> _Extracted information_:

....

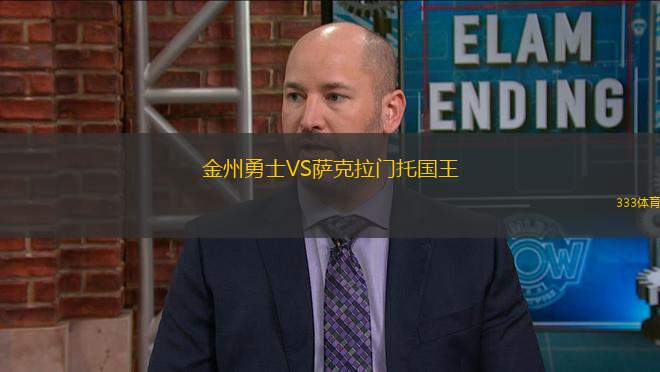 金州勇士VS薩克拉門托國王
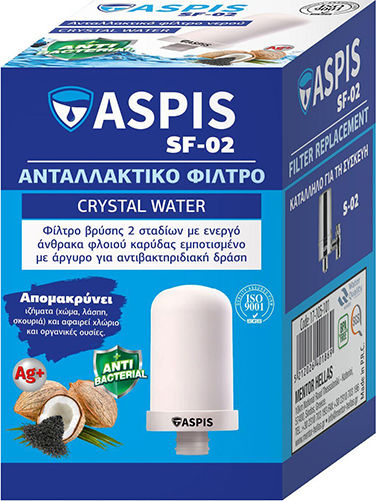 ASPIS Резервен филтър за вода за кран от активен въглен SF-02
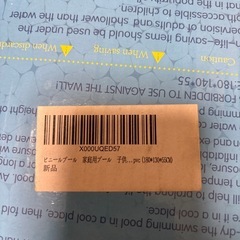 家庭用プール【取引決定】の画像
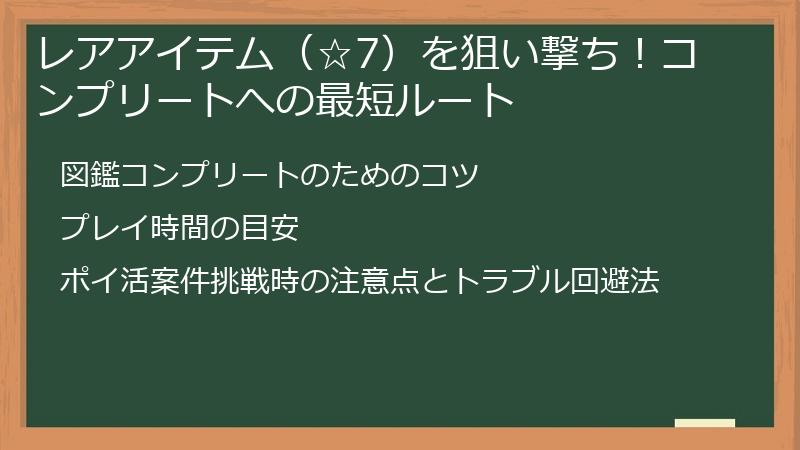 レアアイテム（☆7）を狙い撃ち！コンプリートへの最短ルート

....

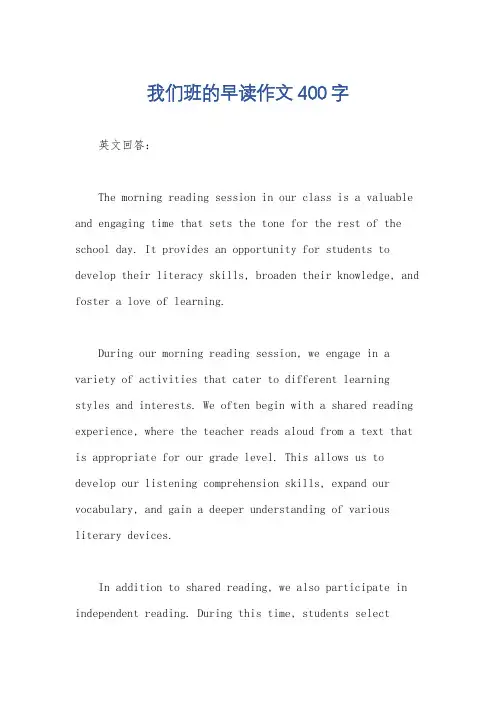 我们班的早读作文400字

....

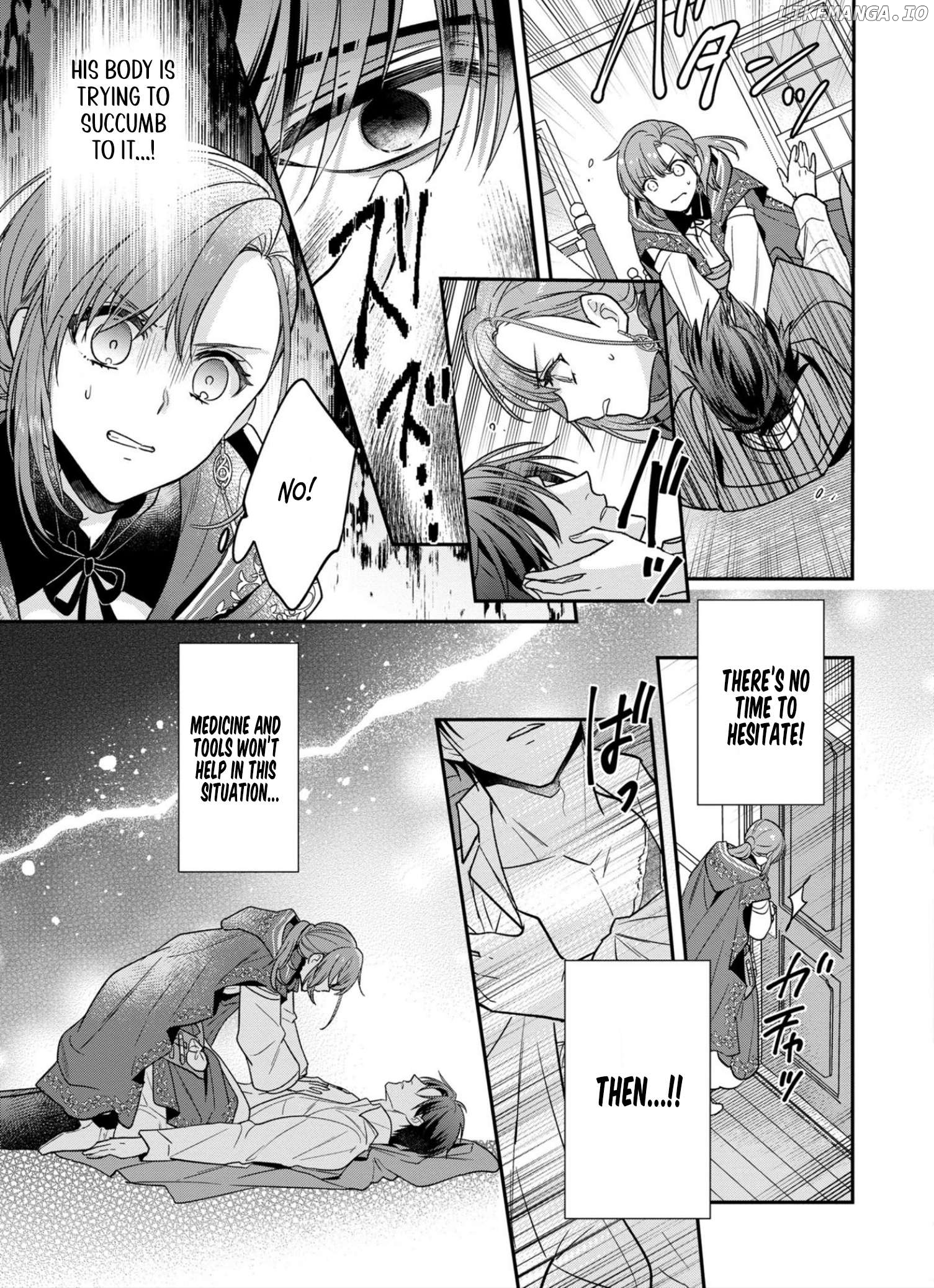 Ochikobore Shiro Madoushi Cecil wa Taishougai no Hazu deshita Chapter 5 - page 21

....

Within the listing above, the stretch from the line with "金州勇士VS薩克拉門托國王" down to the line with "レアアイテム（☆7）を狙い撃ち！コンプリートへの最短ルート" is to be given again exactly, end lines included and pictures excluded.

> _Response_:
 金州勇士VS薩克拉門托國王
 ASPIS Резервен филтър за вода за кран от активен въглен SF-02
 家庭用プール【取引決定】の画像
 レアアイテム（☆7）を狙い撃ち！コンプリートへの最短ルート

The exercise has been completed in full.